The gathering was a follow-up to last September’s forum on the same theme in Pittsfield, but this time in the more affluent – and whiter – South County. “There is an imaginary line between North and South County,” said Dennis Powell, president of the Berkshire County NAACP and a Pittsfield resident who was born and raised in the city. “It passes right through Guido’s,” he added (to nervous laughter), referring to the food emporium’s northern location on the Pittsfield / Lenox line.

Dr. Eden Renee-Hayes, Dean of Equity and Inclusion at Bard College of Simon’s Rock. Photo: Amelia Silver

BRIDGE stands for “Berkshire Resources for Integration of Diverse Groups through Education,” and the four panelists embodied those ideas in their own professional and personal lives. Besides Powell, panelists included educator and community activist Shirley Edgerton, Dr. Eden-Renee Hayes, Dean of Equity and Inclusion and Associate Professor of Psychology at Bard College at Simon’s Rock, and Alfred Enchill, District Aide in State Sen. Adam Hinds‘ Berkshire County office – another son of the Berkshires – who moderated the event as a private citizen. BRIDGE educator Stephanie Wright, St. James Liaison Jane Burke, BRIDGE Board Co-Secretary Ari Cameron, and Powell provided welcoming remarks.

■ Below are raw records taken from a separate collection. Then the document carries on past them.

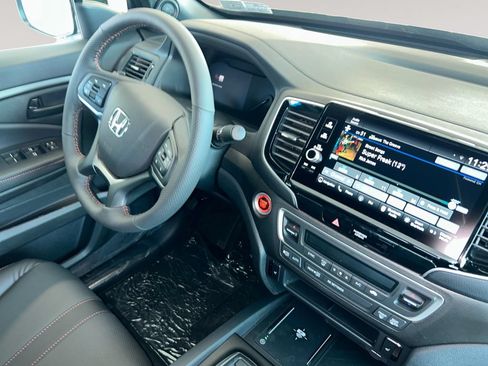 New 2026 Honda Ridgeline TrailSport image 10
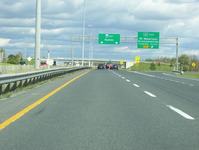 Autoroute 20 Photo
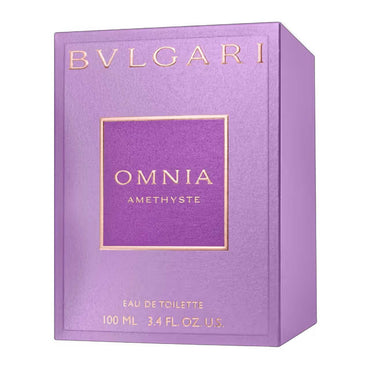 Omnia Amethyste EDT 100ml Dama
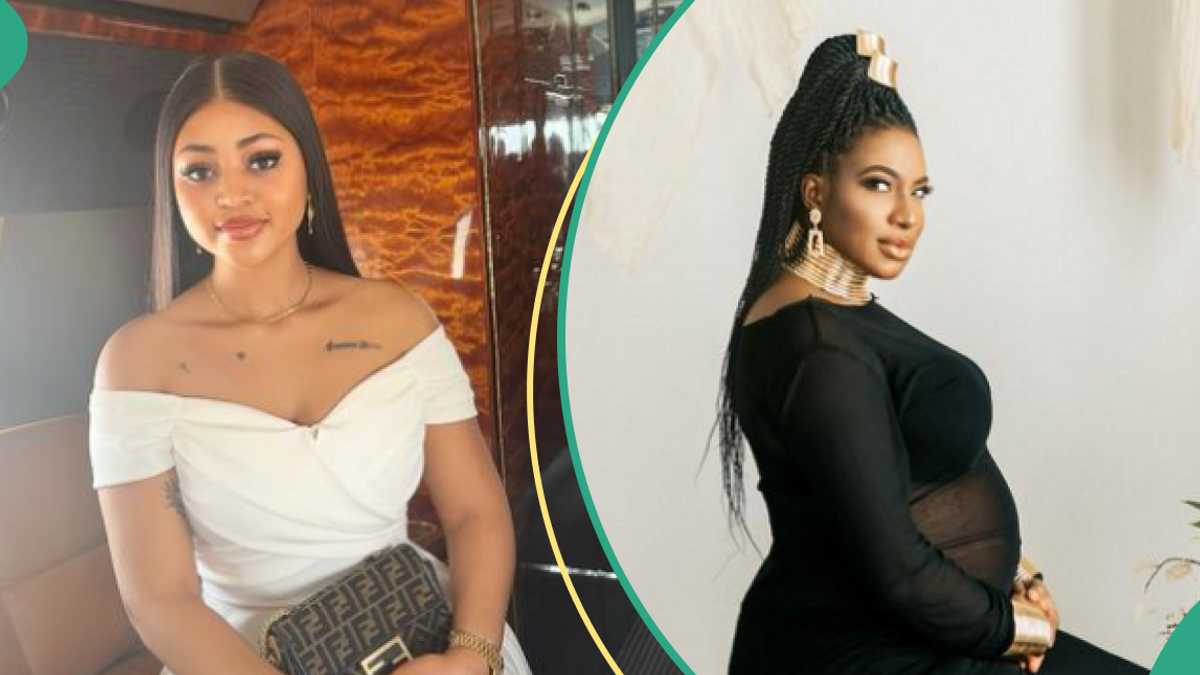 Tears Wan Wound Me”: Regina Daniels Speaks after Ned Nwoko's Statement on Chika Ike's Pregnancy - Legit.ng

“I’m not an ‘expert’ in being black,” Powell commented; ”I am black.” Hayes said that in her roles as dean and professor she expects to be educating people about racial attitudes, but she noted that it shouldn’t be every black person’s job to raise awareness of bias in others when it emerges, often in small ways that can accumulate and produce a feeling of exclusion. Her mode is to “presume positive intent” in dealing with others, but she said she has had to confront instances of bias even if unintended.

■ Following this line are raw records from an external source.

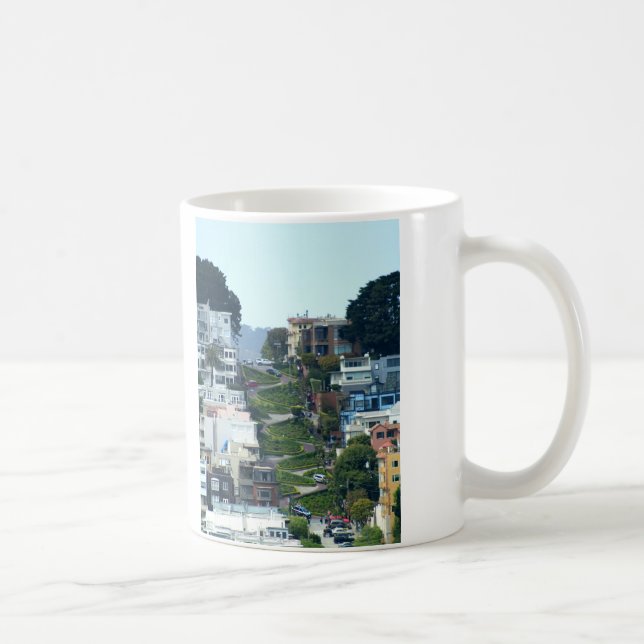 De Café Caneca da rua do Lombard (Direita)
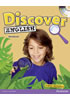 Detail titulu Discover English Global Starter Activity Book w/ Students´ CD-ROM Pack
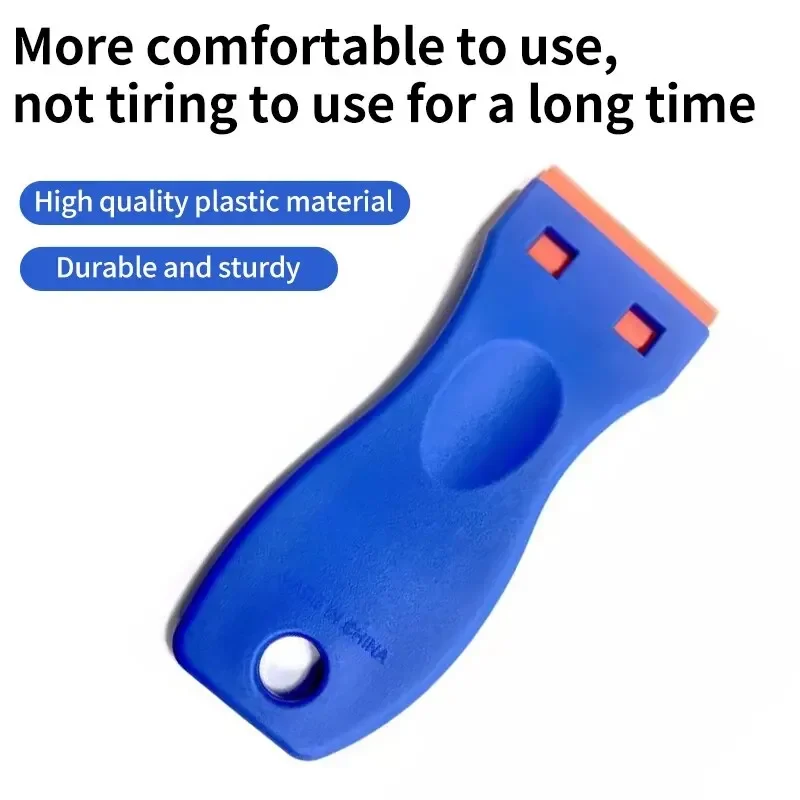 Многофункциональное устройство для удаления клея из пластика и стекла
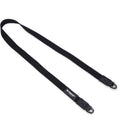 Artisan & Artist ACAM-102A Acrylic Camera Strap (Black)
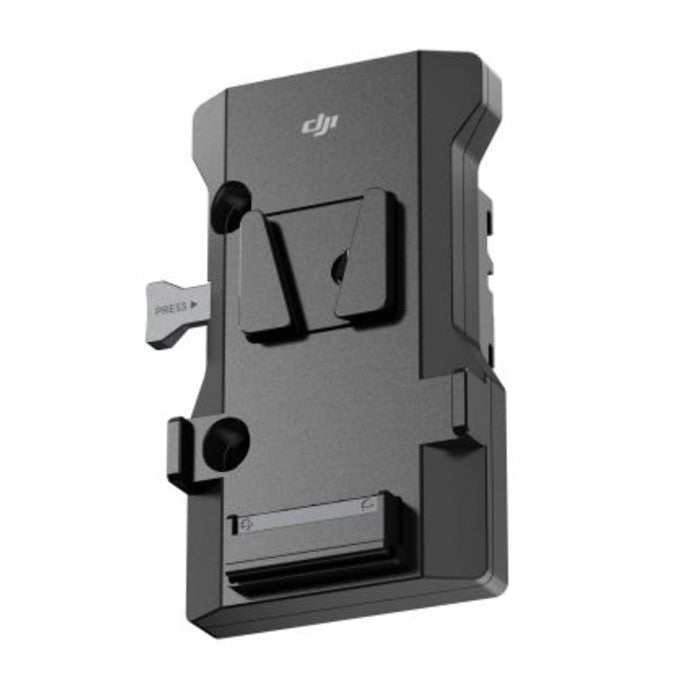 DJI High-Bright Remote Monitor V-Mount Battery Adaptateur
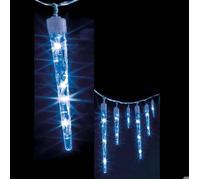 Feeric Christmas Guirlande Glaçon LED 1.4M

Shirley Edgerton and Alfred Enchill, District Aide to state Sen. Adam Hinds. Photo: Amelia Silver

Both Edgerton and Hayes moved to the Berkshires from other parts of the country, the former 26 years ago, the latter ten. They spoke both as insiders and as people of color coming into communities from places with more mixed populations. Edgerton, cultural competency coach for the Pittsfield schools, stressed the need for teachers, parents, and black students themselves to set high expectations. She related how she helped a black student from Pittsfield who was homeless get into college in North Carolina, where she is now on the Dean’s list. She also spoke of the lessons in “code-switching” she gives to students and to her own grandchildren – how to behave in the white world as opposed to how you might behave with black friends and family.

Powell offered views of race relations in America and the Berkshires that ranged from dark to guardedly optimistic. “I am here to tell you not what you want to hear but what you need to hear,” he said. Asked what had changed from the time of the founding of the NAACP in 1909 to the present, Powell replied, “Too little. Ropes have given way to bullets. We’ve seen ‘Serve and Protect’ replaced by ‘Enforce.’ The fear that black families have when their children leave the house is the same as it was in 1909.” He related his own experiences as the victim of job discrimination, and he lamented the lack of role models for young black men in the Berkshires; for him, he said, it was his grandmother’s hand that guided him. At the same time, he spoke  encouragingly of students from Williams College mentoring Pittsfield public school students (where black enrollment is 11 percent) and recounted movingly about how he is trying to teach his three local grandchildren to navigate the world. He puts his energy into young people now, he says, and pointed to 20-something Enchill as one of them, eliciting a broad smile from the latter.

After questions and comments from the audience, Powell put in a pitch for the exhibit “Their Stories: Oral Histories from the NAACP,” about African Americans from the Berkshires, now at the Berkshire Museum in Pittsfield. You read about it Monday on The Edge.